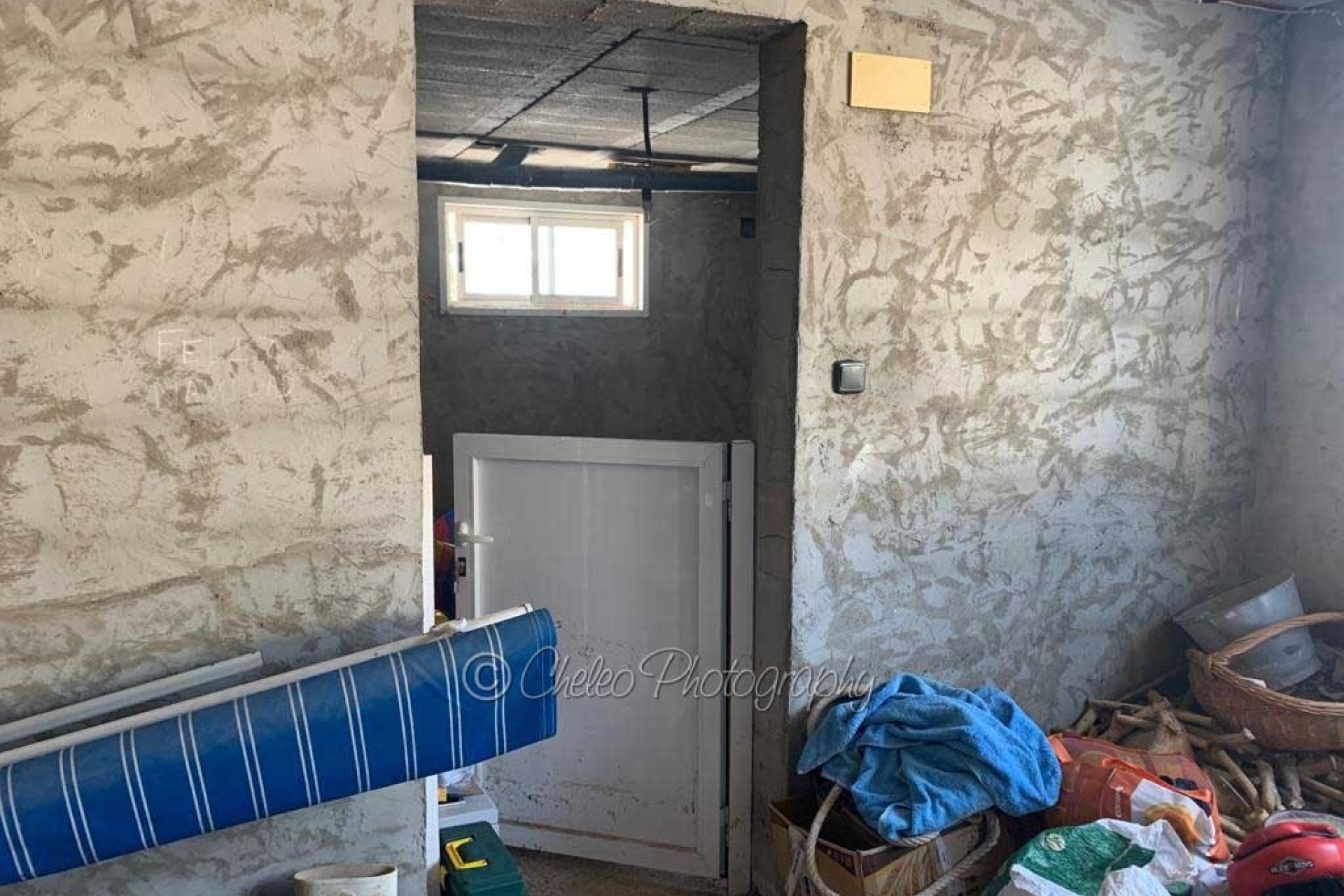 Resale - Detached Villa -
Catral - CatralAlicanteValenciaSpain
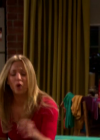 Charmed-Online-dot-TheBigBangTheory5x01-0037.png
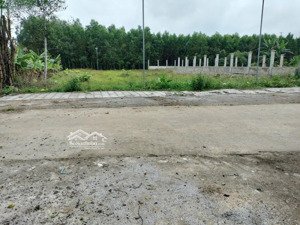 lô đất giá tốt đầu tư hòa nhơn cũ bà nà mới | ô tô vào tận đất chỉ 1 tỷ x tiểu học ngang hơn 6m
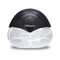 GOvara™ AirWash Air Purifier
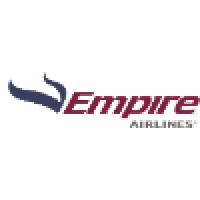 Aviation job opportunities with Empire Airlines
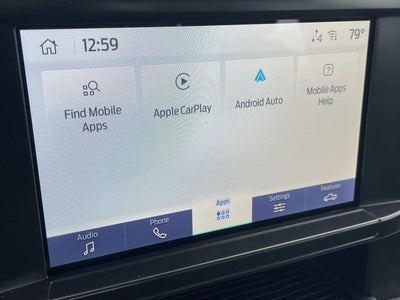 2025 Ford F-350SD XL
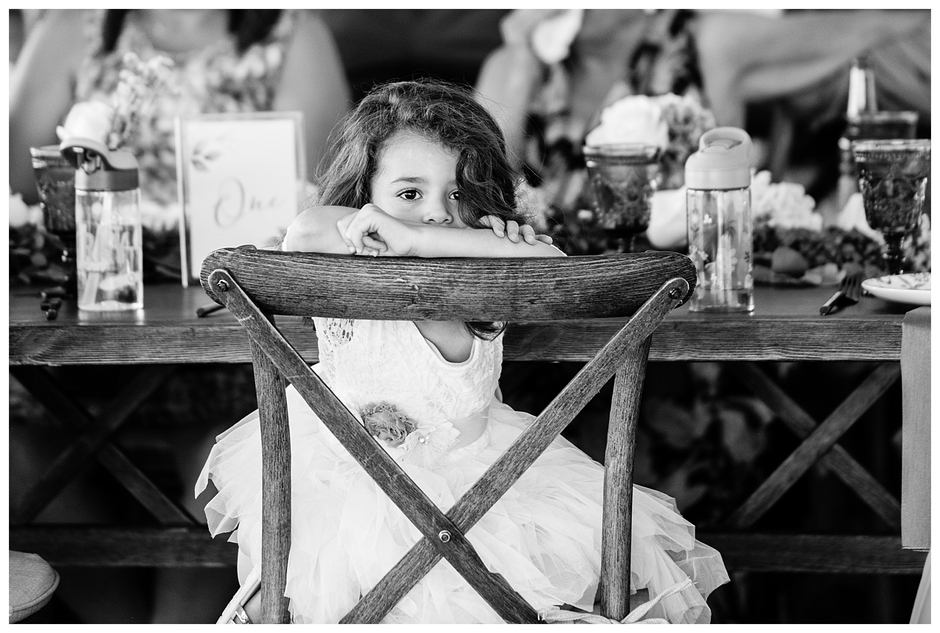Maren Estate Wedding - Crystal and Justin (80 of 122).jpg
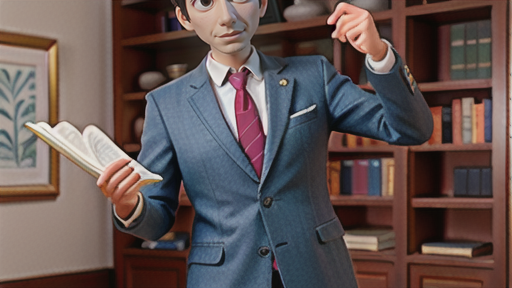 実例で見る乖離率の活用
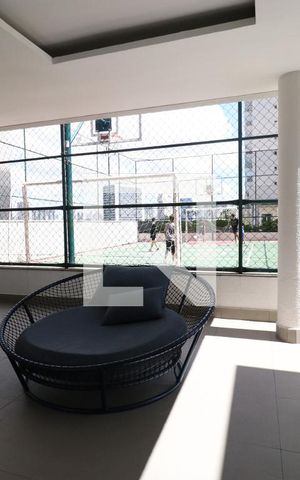 Apartamento à venda com 100m², 2 quartos e 2 vagasQuadra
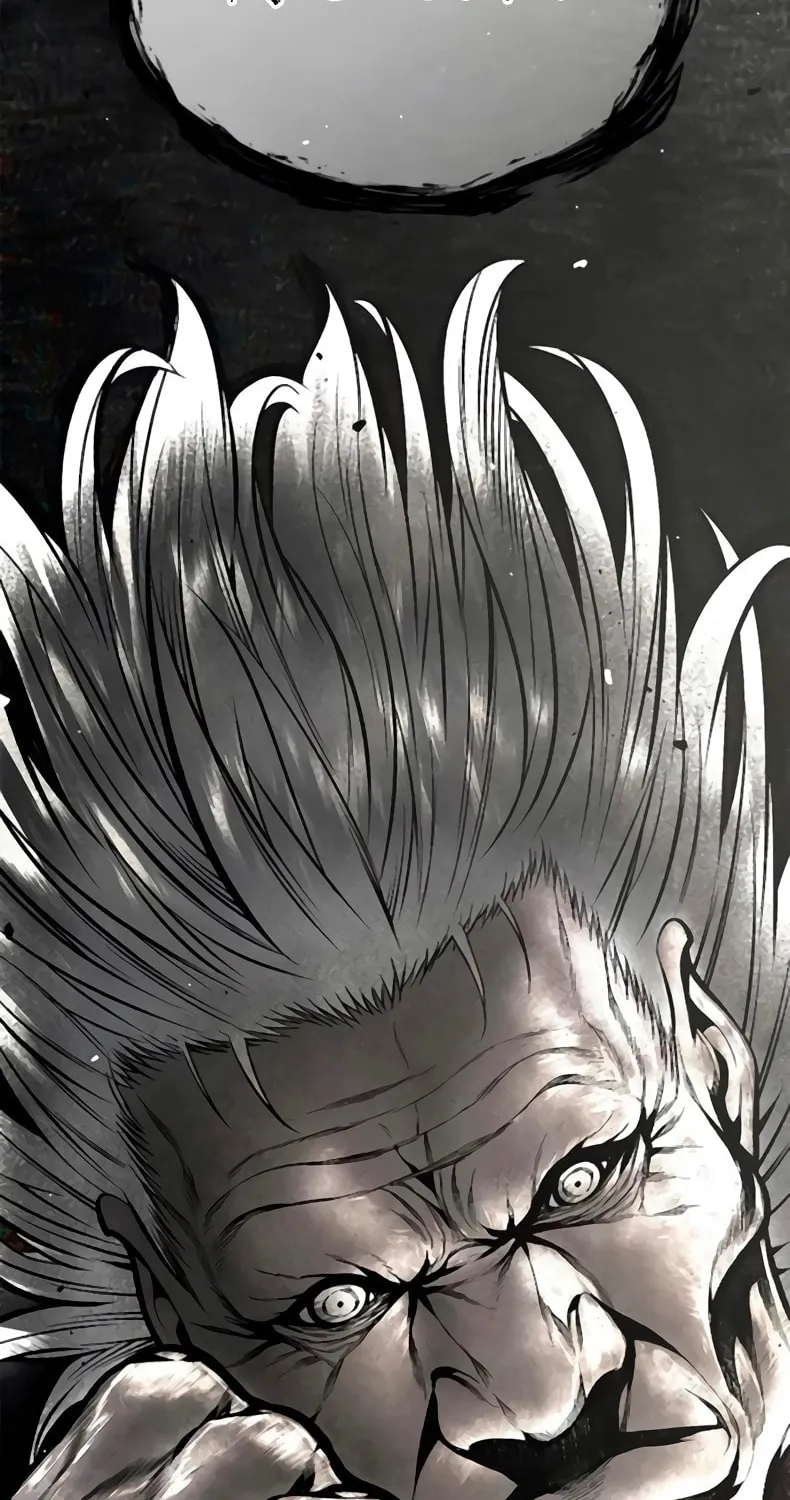 Festival of Warriors Chapter 31 page 129 -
····················
## What to do
Nothing should appear in the reply except the lines from the start of the listing above through the line with "実例で見る乖離率の活用", repeated exactly and free of pictures.

## Exercise response
 Resale - Detached Villa -
Catral - CatralAlicanteValenciaSpain
 Charmed-Online-dot-TheBigBangTheory5x01-0037.png
 lô đất giá tốt đầu tư hòa nhơn cũ bà nà mới | ô tô vào tận đất chỉ 1 tỷ x tiểu học ngang hơn 6m
 GOvara™ AirWash Air Purifier
 Aviation job opportunities with Empire Airlines
 2025 Ford F-350SD XL
Maren Estate Wedding - Crystal and Justin (80 of 122).jpg
 実例で見る乖離率の活用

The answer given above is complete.